Monday, October 18, 2010
We were overwhelmed after diagnosis. Many tears were shed, but we were determined to see the course through and be there for our child every step of the way. At 27 weeks along Ethan developed further complications called Pleural Effusions (fluid around the lungs). We were told he may not survive. After being closely followed Ethan was carried to full term and his effusions were very small. He was born in February. He needed no breathing assistance at birth and looked like a beautiful healthy baby. And from birth everyone talked about his amazing eyes. He could focus on you since the day he was born. His eyes showed so much expression and were the window to his soul. They showed his determination.
At 6 days old he had his first open heart surgery. The Norwood procedure with a Sano shunt. The Sano shunt was used instead of a BT shunt. Ethan had a surprise in surgery. He had a right sided aortic arch that went a did a full wrap (or ring) around his esophagus. Most rings are formed from one of the arteries that branch off the aorta. But his ring was his actual main aorta. Ethan already required extensive repair of his aorta from the HLHS, the ring made it a very complicated Norwood Procedure. He ended up with a trache from vocal cord paralysis from the aortic ring repair. We were told it would only be for a few months until the nerves healed and his vocal chords began to work. He also got a G-tube for feeding because they would not let him drink by mouth. There is high risk to aspirate formula into the lungs when his trachea and esophagus were healing from surgery.

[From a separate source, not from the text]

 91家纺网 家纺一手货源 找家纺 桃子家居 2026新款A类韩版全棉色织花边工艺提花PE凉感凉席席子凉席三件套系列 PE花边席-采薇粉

Shortly after surgery his pleural effusions returned full force. Ethan endured several chest tubes to drain the fluid. Pleural effusions are a common complication from heart surgery, especially for single ventricles (half heart babies). However his problem was greater than most, and occurred even in utero, before surgery. They referred to Ethan as having “effusions of unknown origin”. Ethan also had wet lungs. His lungs absorbed too much. One philosophy behind his lung problems/effusions is that his PFO in utero was EXTREMELY small. Thus the pressures on the right side of his heart were too high and that puts high pressures on the lungs. They feel his lungs went “bad” in utero from this. Finally they put Ethan on a super nasty formula called Portagen (grateful for the G-tube at this point) that had no fat. They combined that with LOTS of diuretics to keep his lungs dry! His effusions finally got under control and he was able to come home at 9 weeks.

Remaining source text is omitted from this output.